I would put a .22 rimfire scope on it and not a regular rifle scope. Rifle scopes are set for 100 yards parralex while a rimfire is set to the proper 50 yards or is AO. Better yet would be an Adjustable Objective (AO) scope that will go down as low as 10 to 20 yards and up to infinity.
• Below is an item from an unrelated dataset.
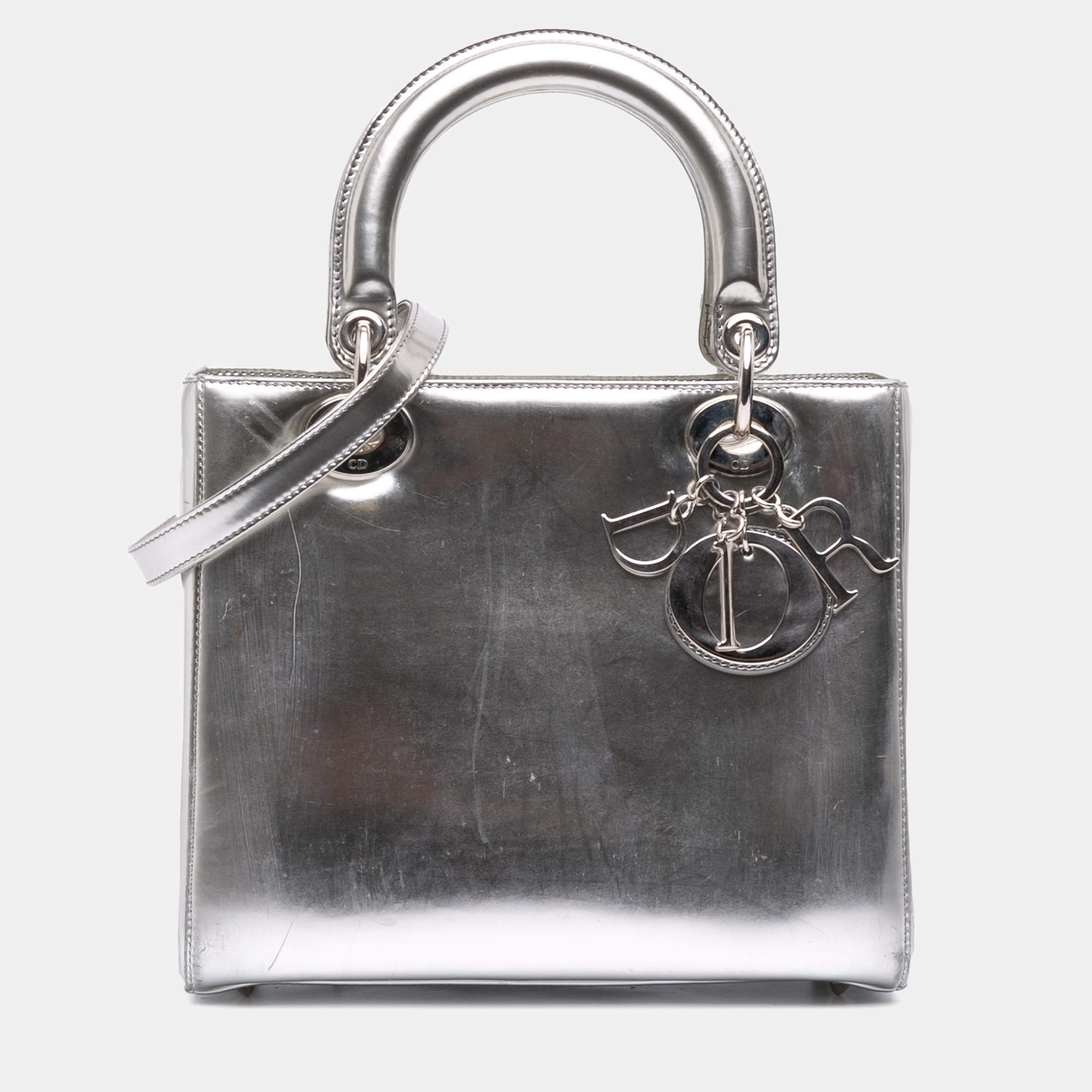 Pre Owned Dior Silver Medium Metallic Patent Lady Dior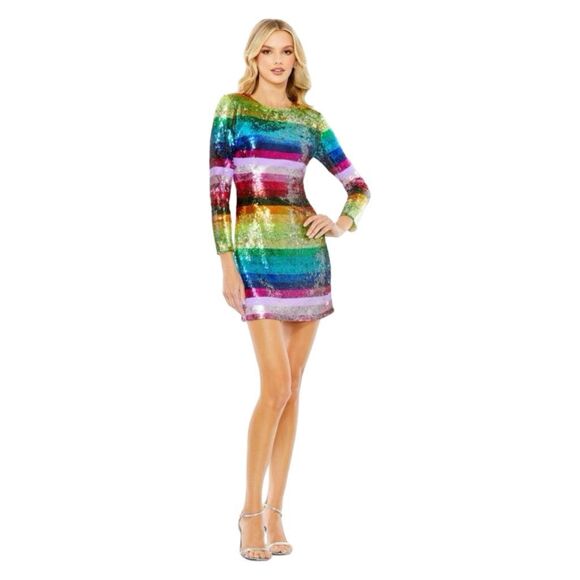 Mac Duggal 93724 Rainbow Tiered Sequin Mini Dress - Size 4 - Retail $598 - Picture 1 of 8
For a decent scope that's not to expensive I would go with a BSA sweet .22. http://www.midwayusa.com/viewproduct/?productnumber=546507

The BSA Sweet .22 is also sold by Academy last I looked and I think they will price match. I got mine there for about $60 a year ago. They make them in 2x7x32, 3x9x40 and 6x18x40.


----------



## Apollo46 (Jan 2, 2011)

That bsa looks pretty nice....ill probably go that route.


----------



## clark (Feb 7, 2011)

I have one of these on my Marlin 917v .17 HMR. It's worked very well for me for 4 years now. I would recommend one to a friend:

http://www.opticsale.com/bushnell-s...rk=gdfV2656_a_7c772_a_7c3291_a_7c027_d_720039


----------



## welldoya (Oct 5, 2007)

For cheap scopes, I always liked Tasco or Bushnell. For .22, get a 4x32. I've even got a 3x9x32 on a Marlin 39. I don't like the small .22 scopes.


----------



## mprofb (Feb 15, 2010)

yeah you can't go wronge with a tasco on a 22...work very well...i used them and simmons...if you find a konus for a reasonable price i'd try that too...


----------



## Apollo46 (Jan 2, 2011)

The tasco that comes on it is a 4x32 and it's about the size of a roll of mentos.


----------